_TASK DIRECTIONS_
For the data below, transcribe the part that opens with the line containing "AR license plate 193WMT" and closes with the line containing "Apollon et Artémis", exactly and with no pictures.

-=-=-

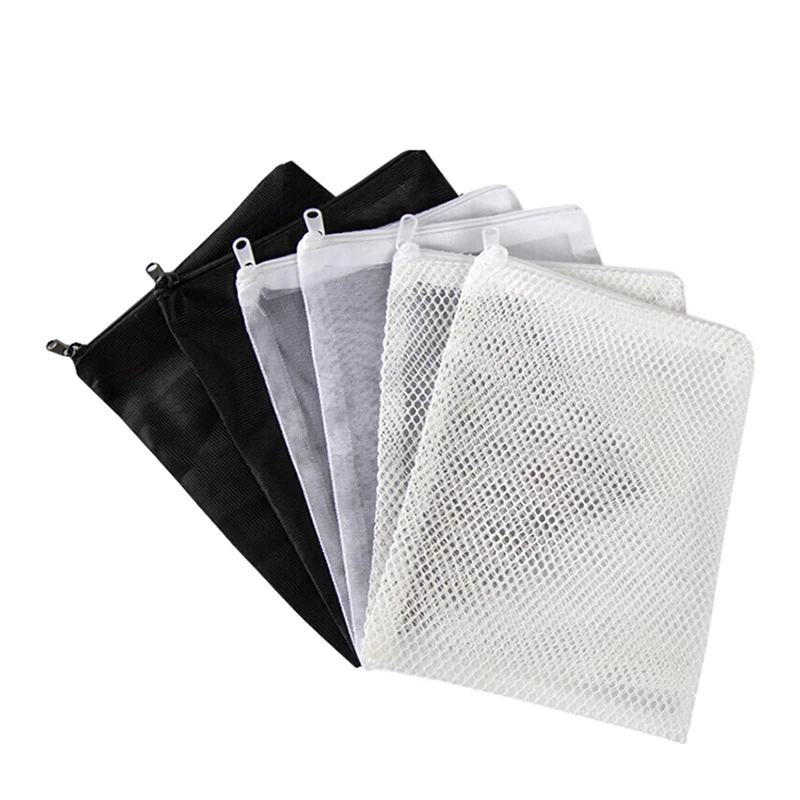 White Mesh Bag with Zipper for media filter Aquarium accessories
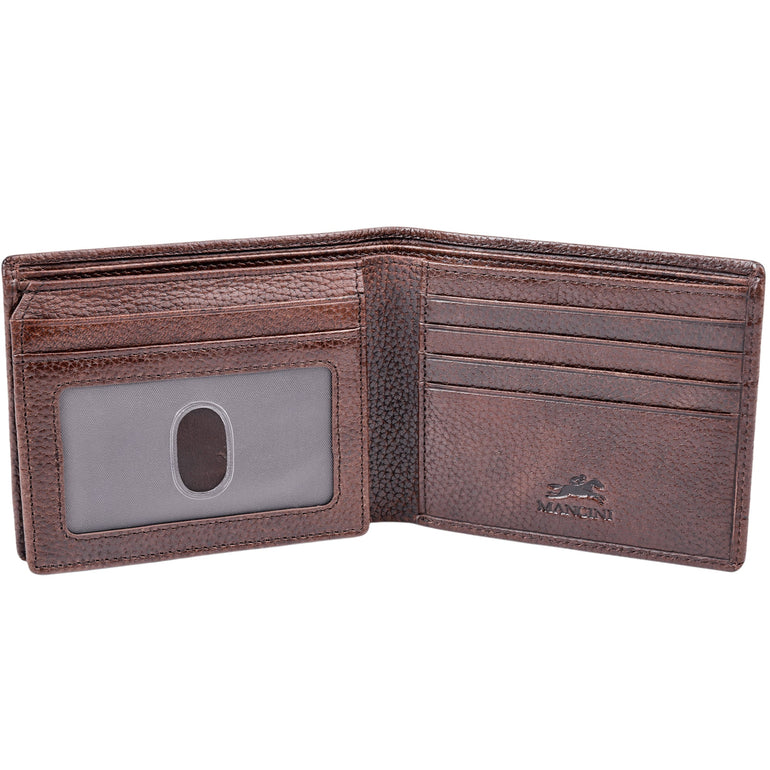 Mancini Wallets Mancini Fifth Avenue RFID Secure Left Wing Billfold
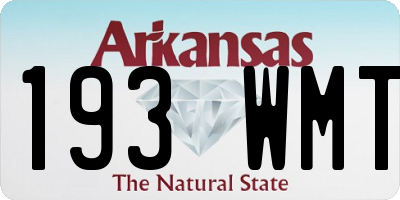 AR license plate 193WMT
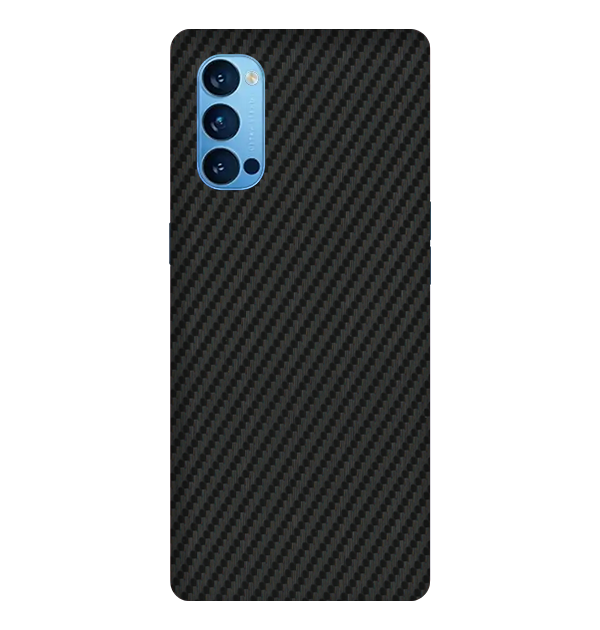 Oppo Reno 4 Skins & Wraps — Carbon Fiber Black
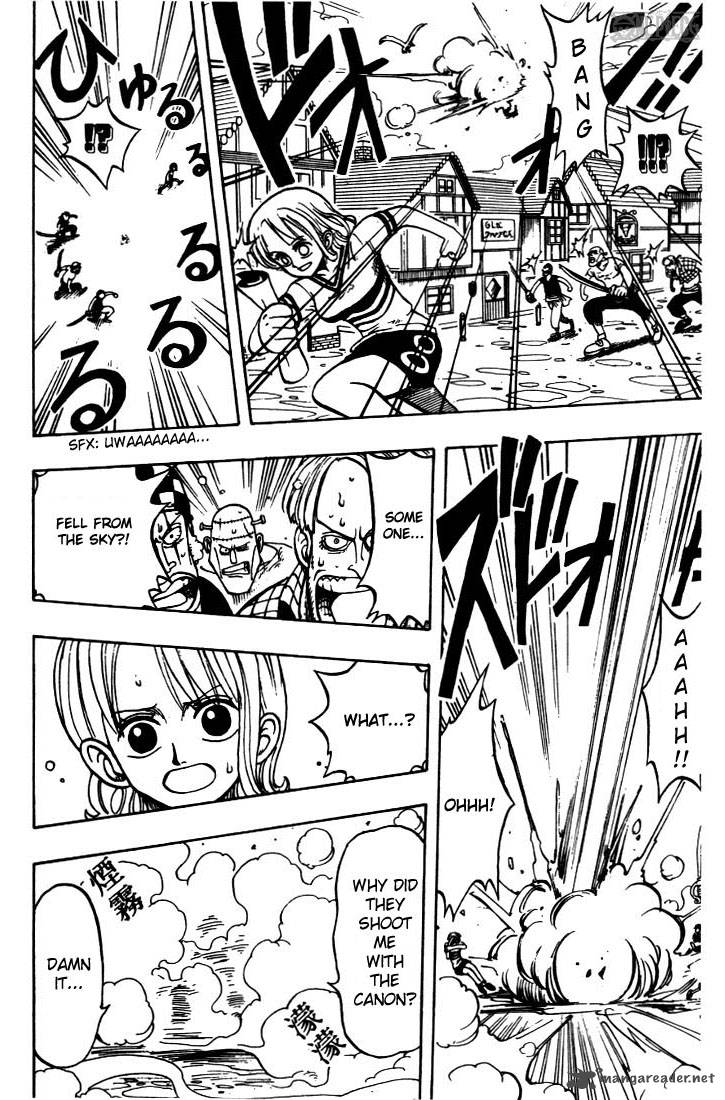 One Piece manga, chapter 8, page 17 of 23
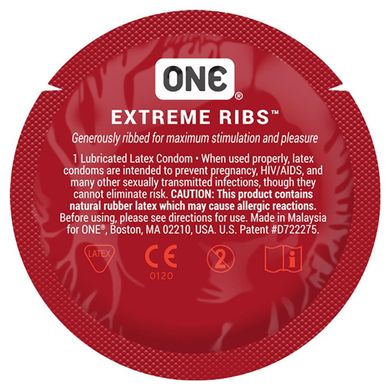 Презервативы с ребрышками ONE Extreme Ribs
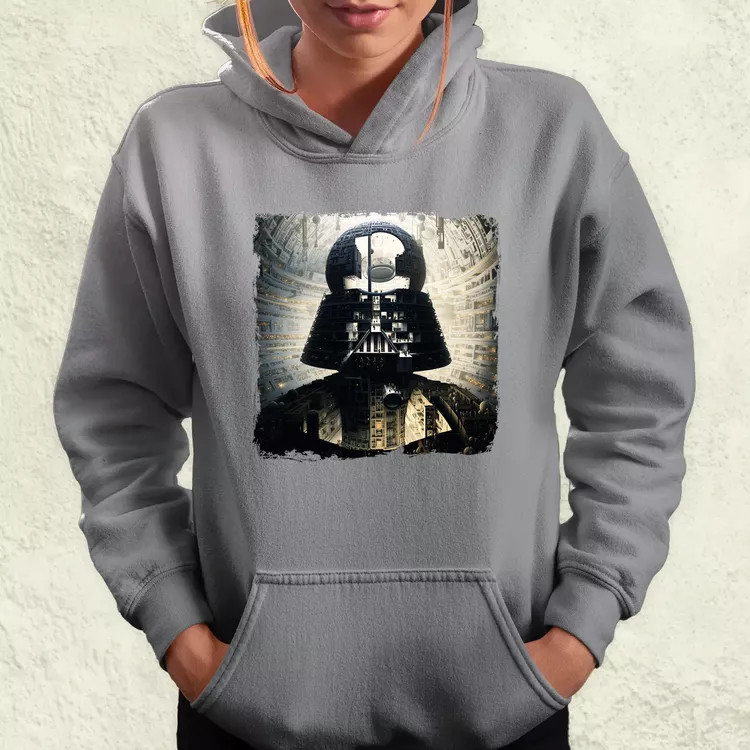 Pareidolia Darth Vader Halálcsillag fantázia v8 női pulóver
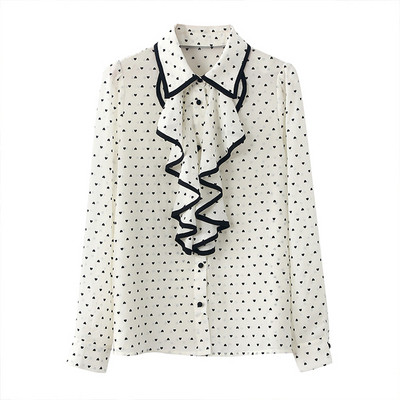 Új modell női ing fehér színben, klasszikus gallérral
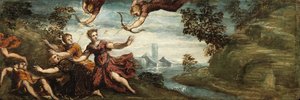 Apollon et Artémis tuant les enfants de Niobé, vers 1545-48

-=-=-

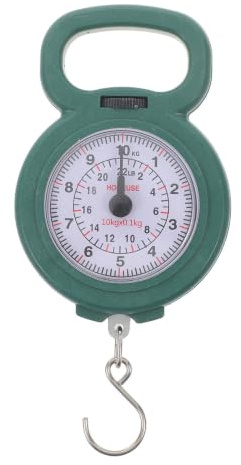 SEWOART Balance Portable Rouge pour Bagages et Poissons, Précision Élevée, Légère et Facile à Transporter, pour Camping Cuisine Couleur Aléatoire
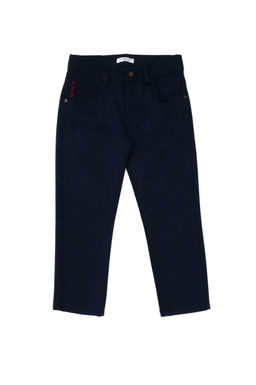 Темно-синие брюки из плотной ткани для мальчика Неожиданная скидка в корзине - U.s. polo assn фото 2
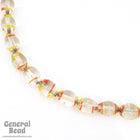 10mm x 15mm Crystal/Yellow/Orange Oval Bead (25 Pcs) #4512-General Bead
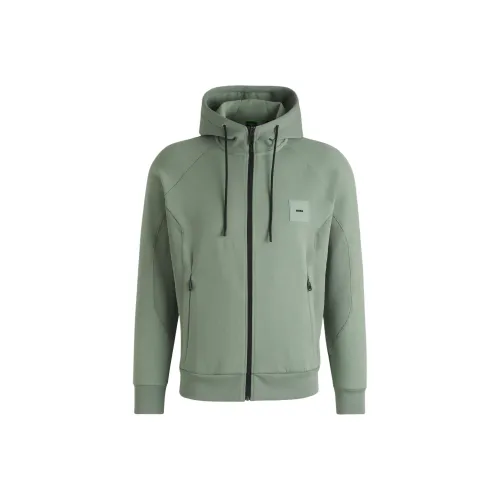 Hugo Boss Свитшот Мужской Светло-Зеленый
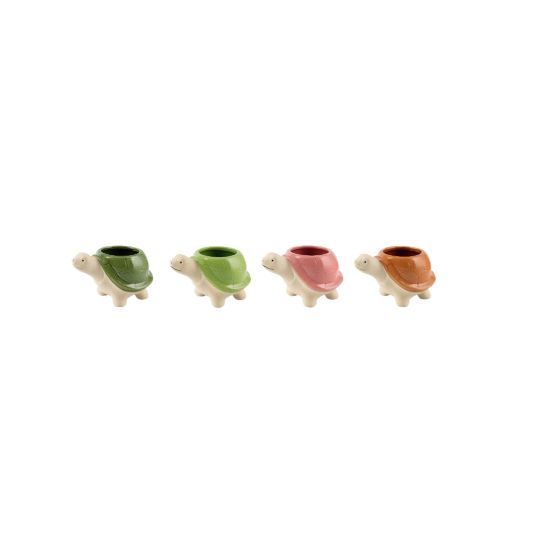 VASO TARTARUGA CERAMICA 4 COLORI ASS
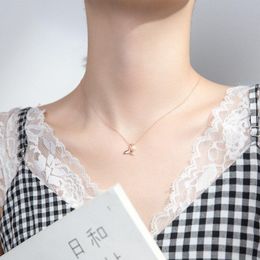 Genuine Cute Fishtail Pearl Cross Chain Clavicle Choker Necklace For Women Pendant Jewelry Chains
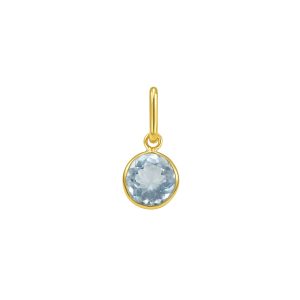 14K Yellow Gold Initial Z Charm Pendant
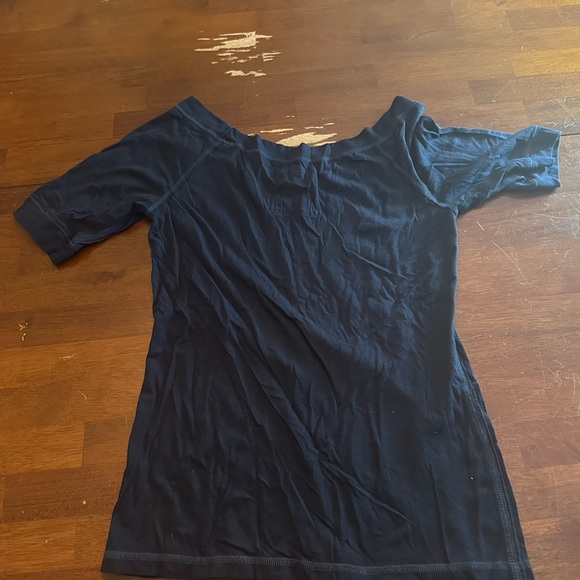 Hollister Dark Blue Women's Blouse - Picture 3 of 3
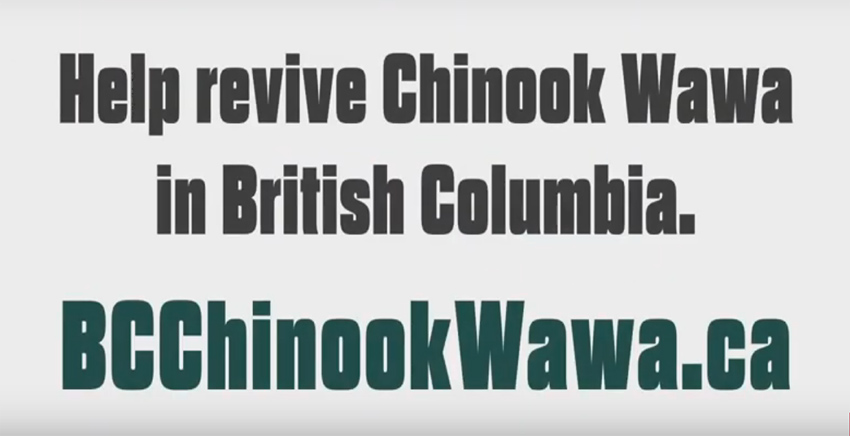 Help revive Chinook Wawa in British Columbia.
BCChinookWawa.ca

-=-=-

_OUTPUT OF THE EXERCISE_
 AR license plate 193WMT
 Oppo Reno 4 Skins & Wraps — Carbon Fiber Black
 One Piece manga, chapter 8, page 17 of 23
 Презервативы с ребрышками ONE Extreme Ribs
 Pareidolia Darth Vader Halálcsillag fantázia v8 női pulóver
 Új modell női ing fehér színben, klasszikus gallérral
 Apollon et Artémis tuant les enfants de Niobé, vers 1545-48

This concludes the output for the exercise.